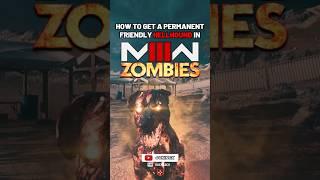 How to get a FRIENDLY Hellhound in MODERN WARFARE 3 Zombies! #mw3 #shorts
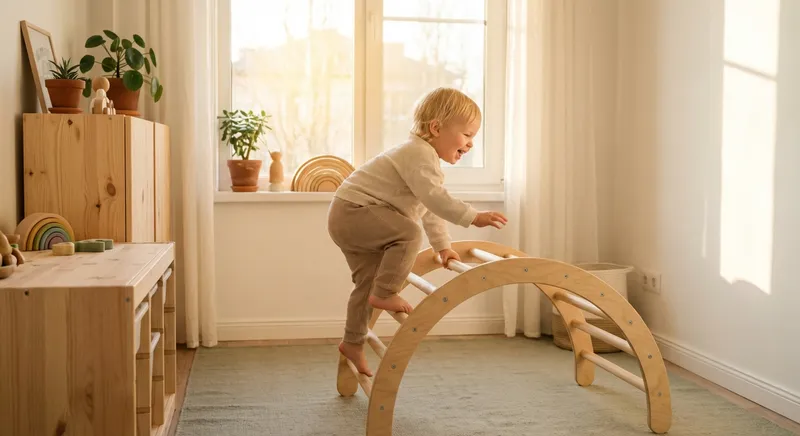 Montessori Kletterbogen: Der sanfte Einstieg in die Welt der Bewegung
==
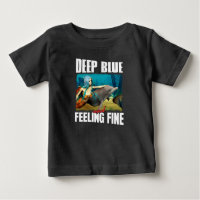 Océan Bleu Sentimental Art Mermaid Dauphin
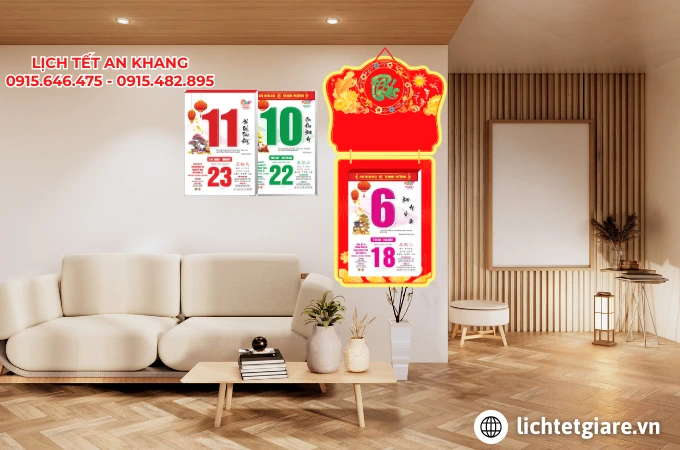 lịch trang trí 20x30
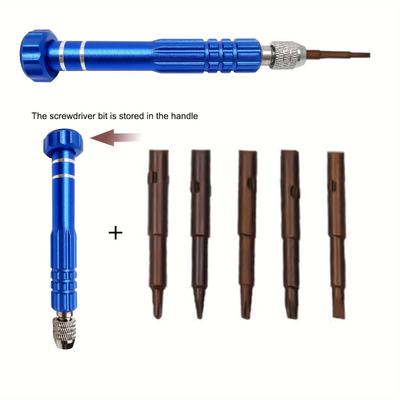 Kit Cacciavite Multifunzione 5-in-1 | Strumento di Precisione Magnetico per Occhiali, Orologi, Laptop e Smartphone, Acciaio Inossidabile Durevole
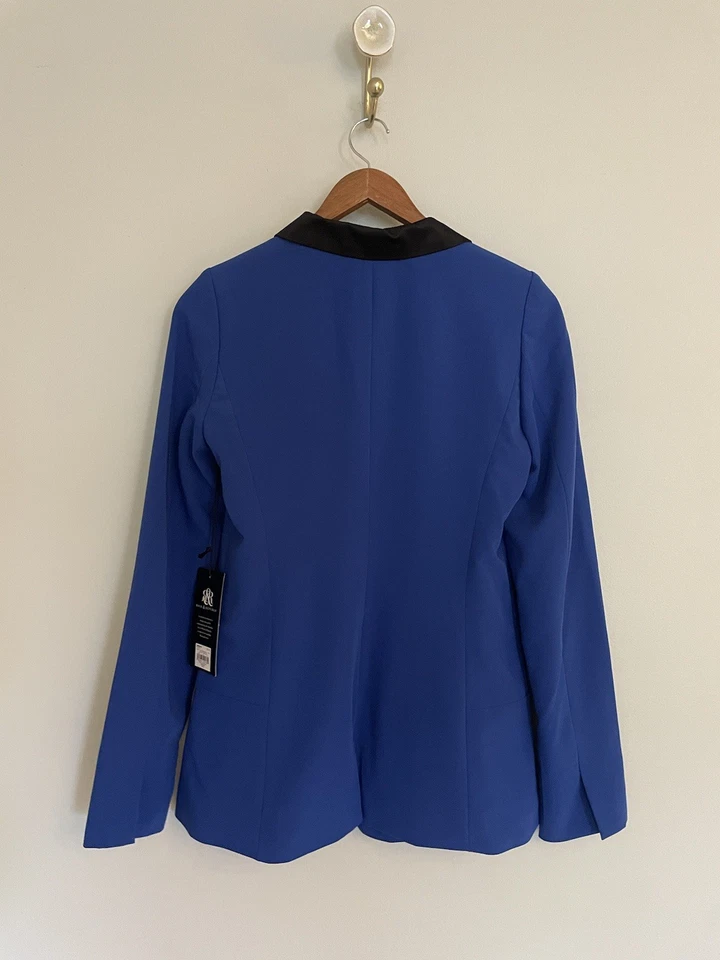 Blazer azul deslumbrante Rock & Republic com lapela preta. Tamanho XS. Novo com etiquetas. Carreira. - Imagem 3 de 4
* * *
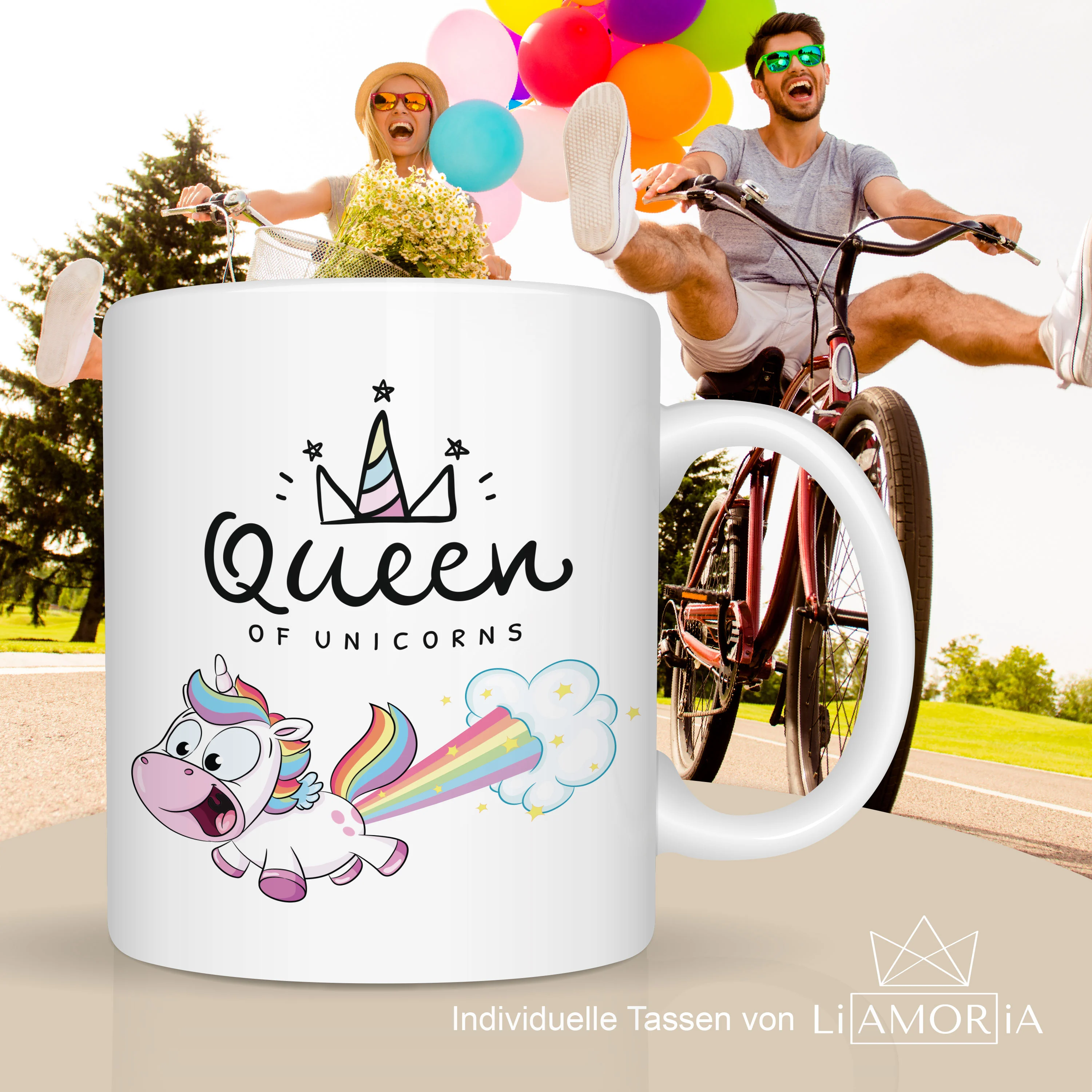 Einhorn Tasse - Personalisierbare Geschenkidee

* **Your instructions**
Leave out the images and write out the lines above exactly, from the one with "How to get a" up to and including the one with "Montessori Kletterbogen: Der".

* **Written answer**
 How to get a FRIENDLY Hellhound in MODERN WARFARE 3 Zombies! #mw3 #shorts
 Montessori Kletterbogen: Der sanfte Einstieg in die Welt der Bewegung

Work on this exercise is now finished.